* Material provided *
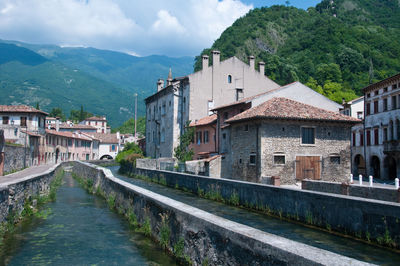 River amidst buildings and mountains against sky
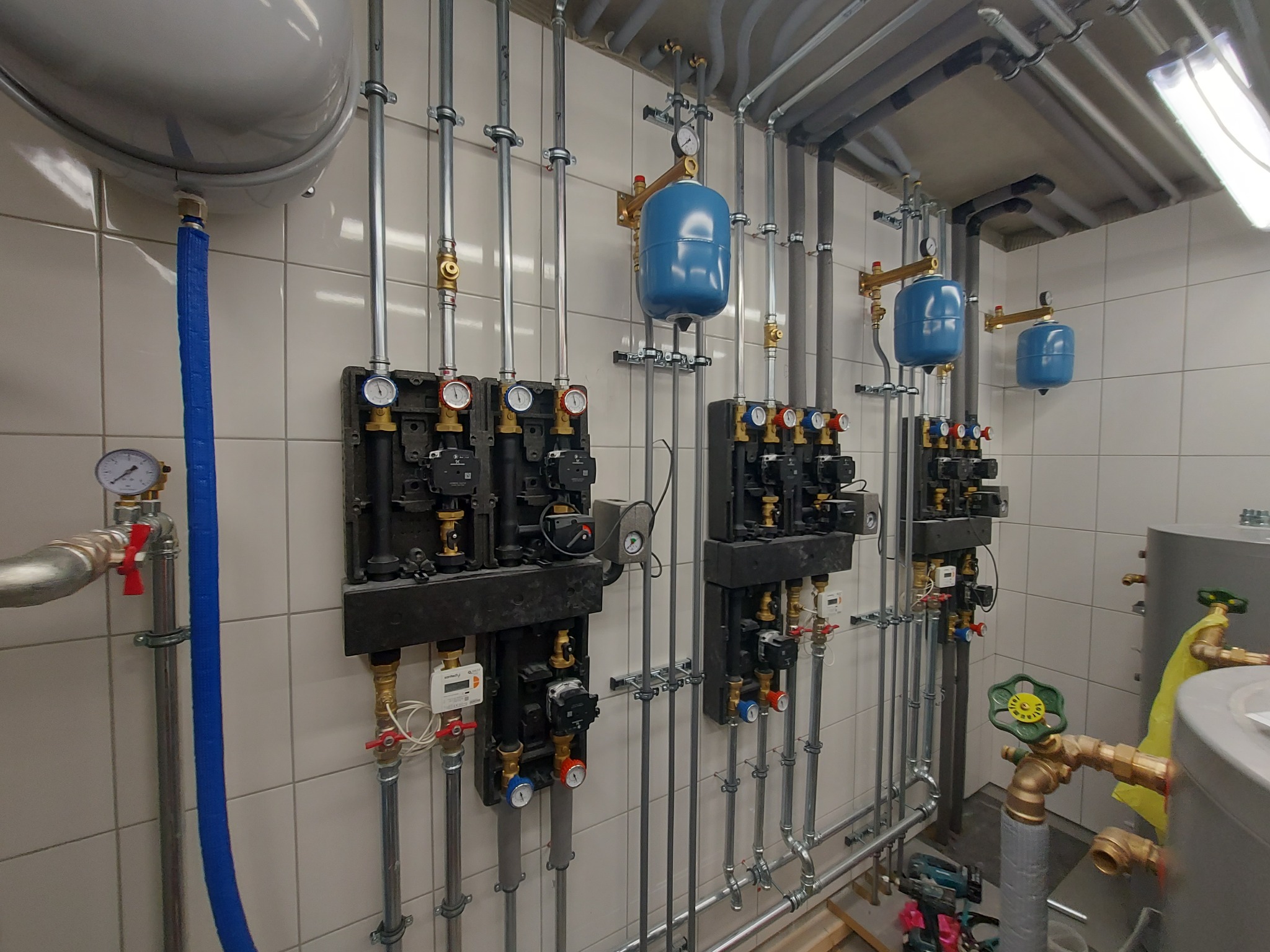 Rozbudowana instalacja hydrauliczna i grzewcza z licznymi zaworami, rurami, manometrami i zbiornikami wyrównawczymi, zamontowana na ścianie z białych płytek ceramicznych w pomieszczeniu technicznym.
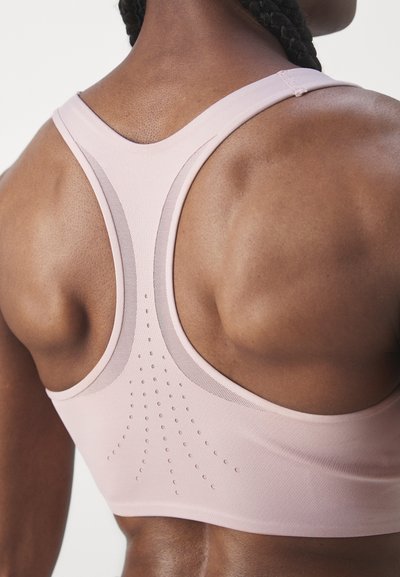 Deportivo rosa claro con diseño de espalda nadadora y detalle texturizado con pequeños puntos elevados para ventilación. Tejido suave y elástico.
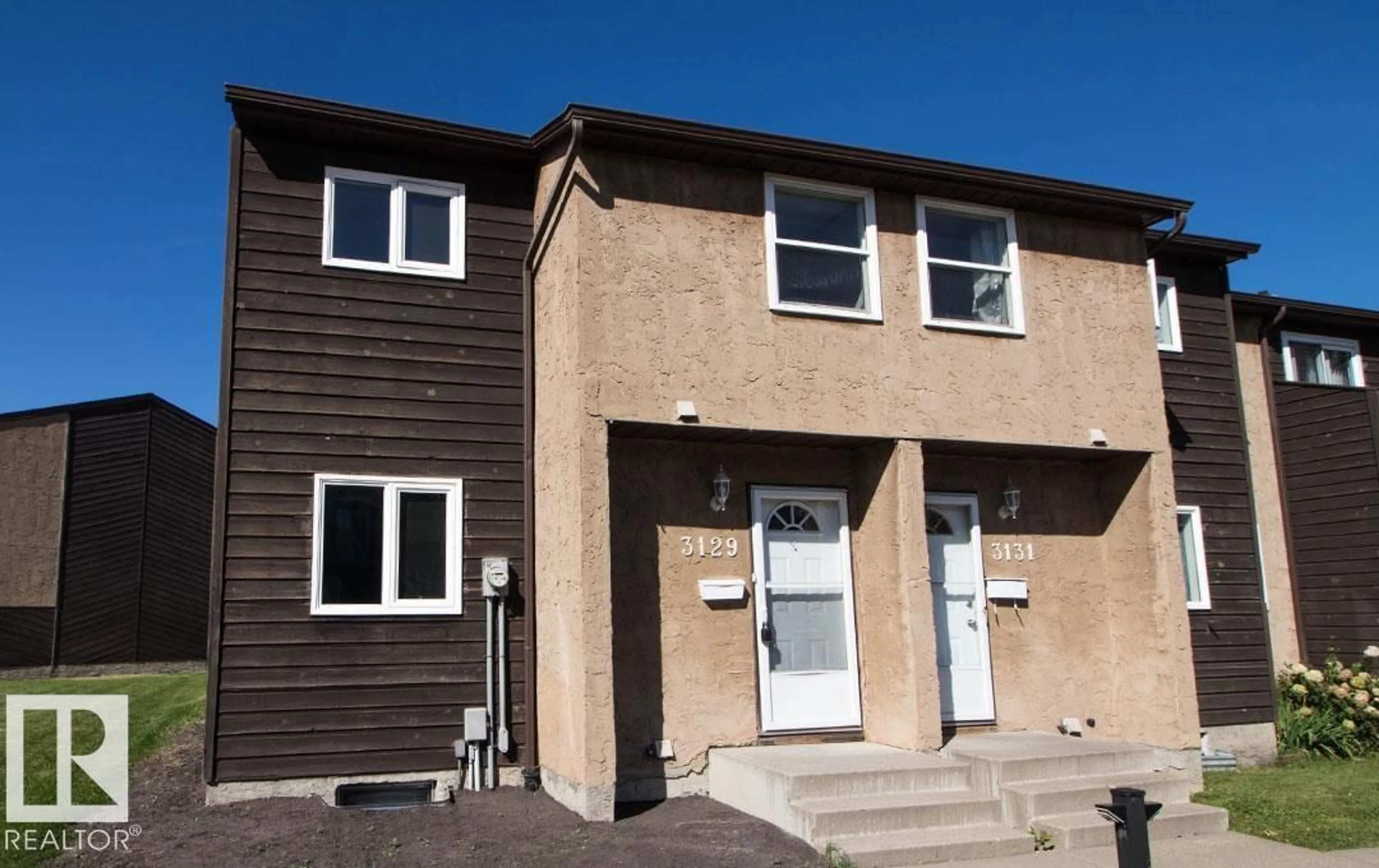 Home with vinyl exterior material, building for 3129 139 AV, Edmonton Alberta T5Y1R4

---

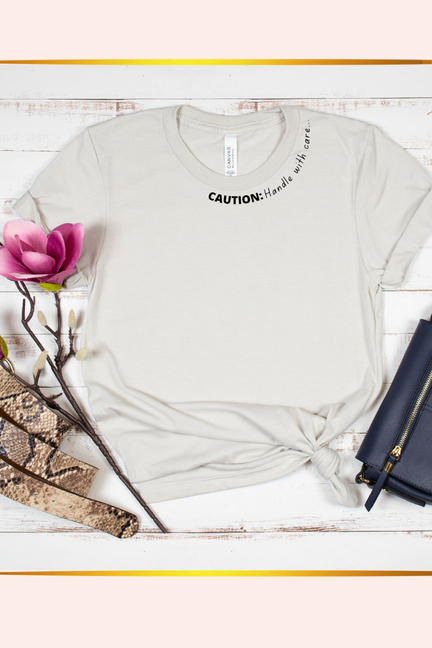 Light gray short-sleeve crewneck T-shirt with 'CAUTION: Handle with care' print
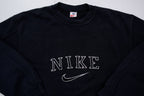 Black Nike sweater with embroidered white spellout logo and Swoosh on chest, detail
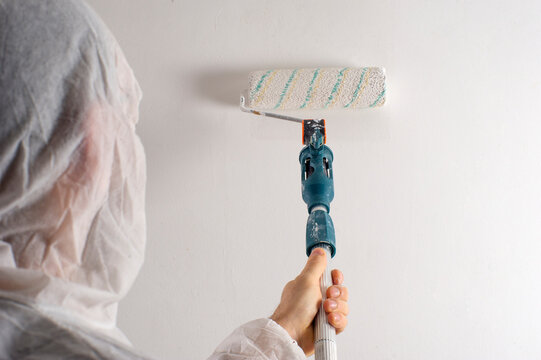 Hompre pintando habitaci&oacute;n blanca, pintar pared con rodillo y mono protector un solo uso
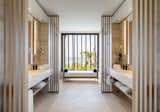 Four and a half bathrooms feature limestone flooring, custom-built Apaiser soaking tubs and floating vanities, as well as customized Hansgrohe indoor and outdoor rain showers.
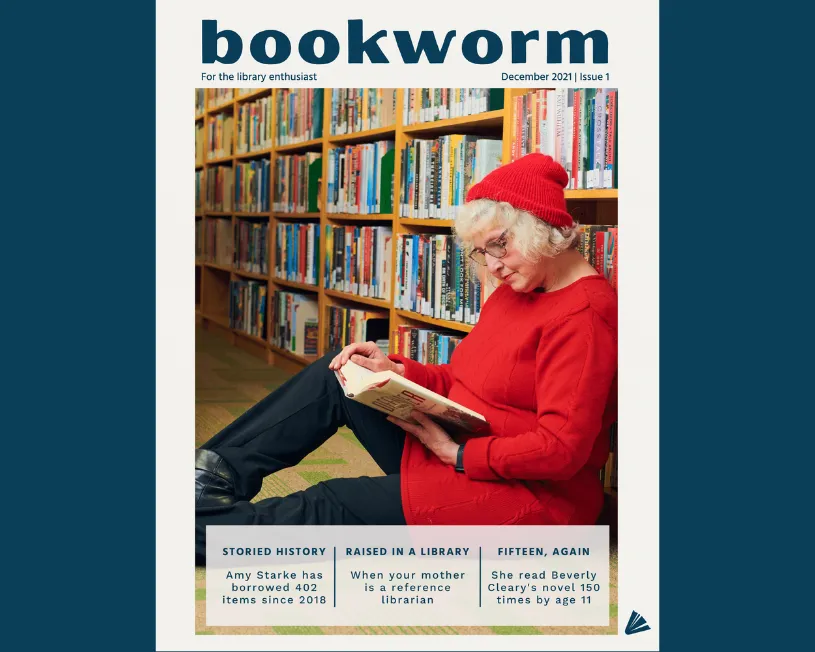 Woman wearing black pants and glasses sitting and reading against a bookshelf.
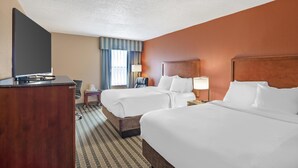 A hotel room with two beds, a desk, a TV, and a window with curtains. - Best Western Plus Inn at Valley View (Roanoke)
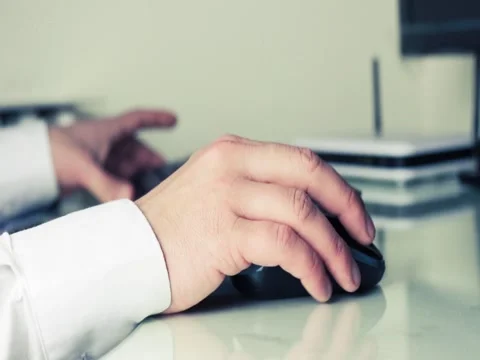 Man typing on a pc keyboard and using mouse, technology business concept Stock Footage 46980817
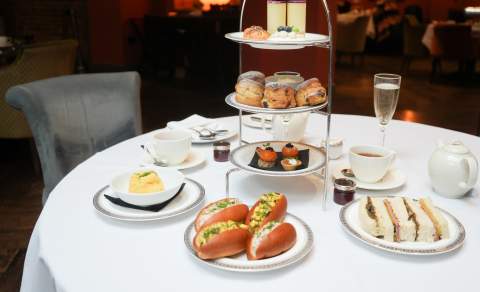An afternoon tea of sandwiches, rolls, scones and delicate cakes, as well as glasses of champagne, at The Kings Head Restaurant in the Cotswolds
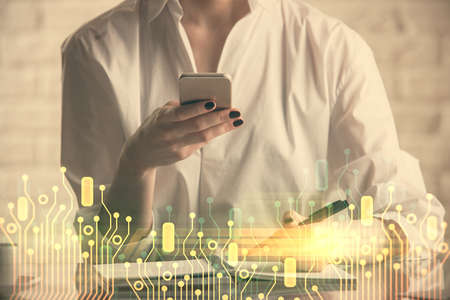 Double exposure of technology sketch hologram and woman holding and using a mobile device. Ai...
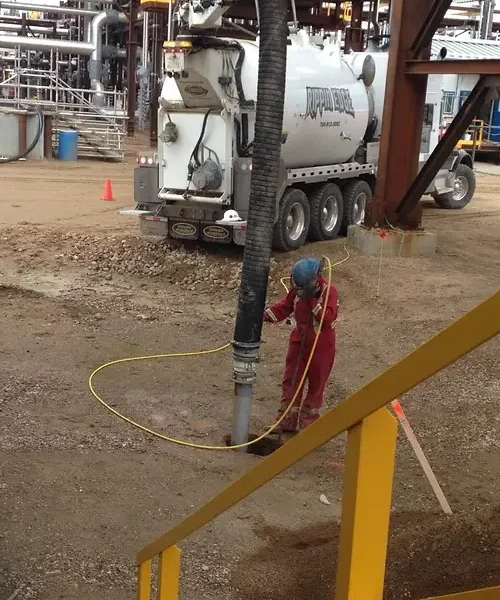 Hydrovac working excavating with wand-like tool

* Task *
In the data above, take the line with "A hotel room", the line with "Man typing on", and every line between, and set them down exactly without pictures.

* Answer to the exercise *
 A hotel room with two beds, a desk, a TV, and a window with curtains. - Best Western Plus Inn at Valley View (Roanoke)
 Man typing on a pc keyboard and using mouse, technology business concept Stock Footage 46980817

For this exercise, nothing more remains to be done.